Roper Technologies, Inc.
(ROP) is the more profitable company, earning 19. 4% net margin versus 14. 7% for Danaher Corporation — meaning it keeps 19. 4% of every revenue dollar as bottom-line profit. Operating margin tells a similar story: ROP leads at 28. 3% versus 20. 9% for DHR. At the gross margin level — before operating expenses — ROP leads at 69. 2%, reflecting greater pricing power or product mix advantage. Stronger margins indicate durable pricing power, lower cost of revenue, or higher mix of software/services. They are one of the clearest signs of business quality.
07Is ROP or DHR more undervalued right now?
The PEG ratio (forward P/E divided by expected earnings growth rate) is the most precise measure of undervaluation relative to growth potential.
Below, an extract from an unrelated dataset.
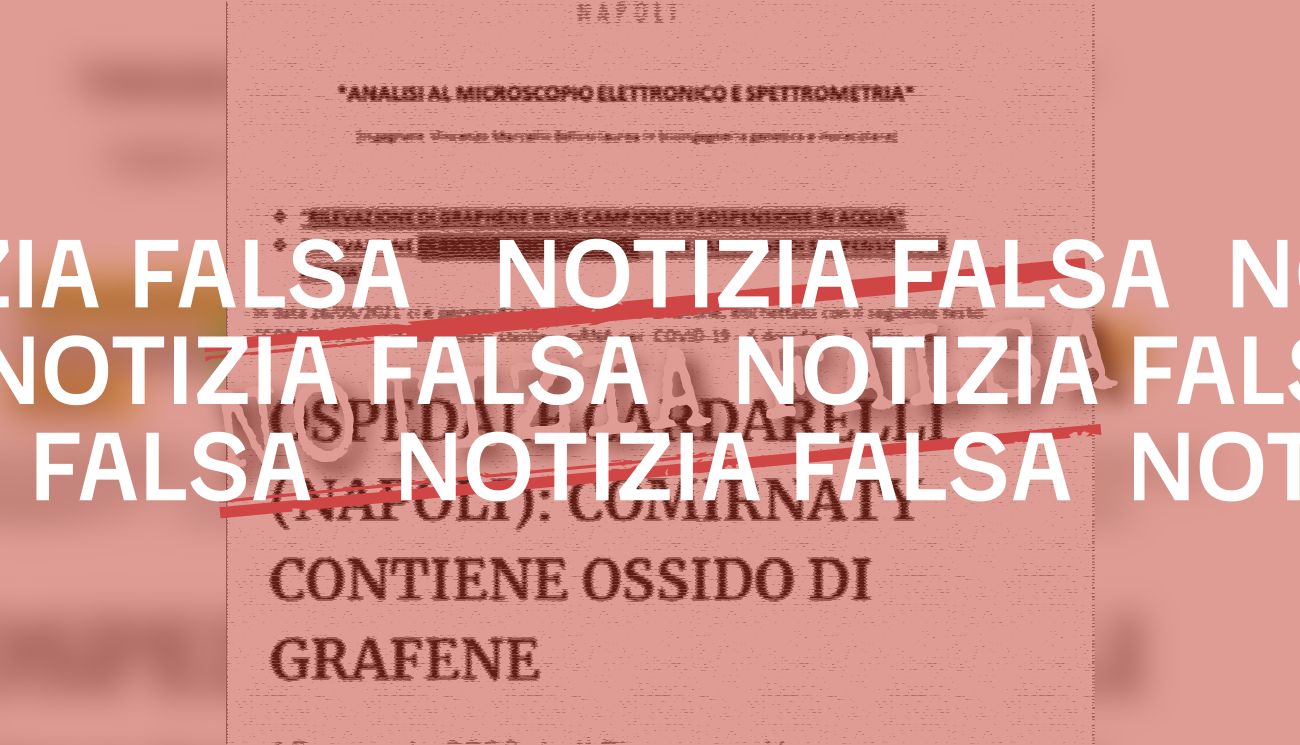 L&#8217;ospedale Cardarelli di Napoli non ha trovato ossido di grafene nei vaccini anti-Covid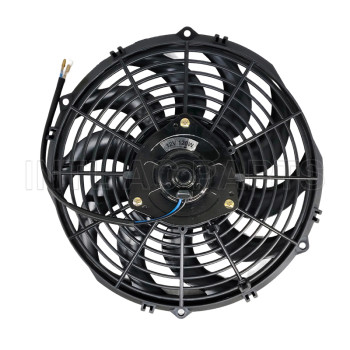 12 inch 12V 120W round frame with 10 crooked blade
By this metric, Roper Technologies, Inc. (ROP) is the more undervalued stock at a PEG of 1. 67x versus Danaher Corporation's 34. 20x. Both stocks trade at elevated growth-adjusted valuations, so expected growth needs to materialise. On forward earnings alone, Roper Technologies, Inc. (ROP) trades at 16. 0x forward P/E versus 20. 7x for Danaher Corporation — 4. 8x cheaper on a one-year earnings basis. Analyst consensus price targets imply the most upside for DHR: 41. 2% to $247. 00.
08Which pays a better dividend — ROP or DHR?
All stocks in this comparison pay dividends.
Roper Technologies, Inc. (ROP) offers the highest yield at 0. 9%, versus 0. 7% for Danaher Corporation (DHR).
09Is ROP or DHR better for a retirement portfolio?
For long-horizon retirement investors, Roper Technologies, Inc.
(ROP) is the stronger choice — it scores higher on the combination of lower volatility, dividend reliability, and long-term compounding (low volatility (β 0. 43), 0. 9% yield, +112. 0% 10Y return). Both have compounded well over 10 years (ROP: +112. 0%, DHR: +218. 0%), confirming both are viable long-term holds — but the lower-volatility option typically results in less emotional selling during corrections. Retirement portfolios generally favour predictability over maximum returns. Consult a financial advisor before making allocation decisions.
10What are the main differences between ROP and DHR?
These companies operate in different sectors (ROP (Industrials) and DHR (Healthcare)), which means they face different economic cycles, regulatory environments, and macro sensitivities — making direct comparison nuanced.
These fundamental differences mean investors should not choose between them on a single metric — the "better stock" depends entirely on which of these characteristics aligns with your investment strategy.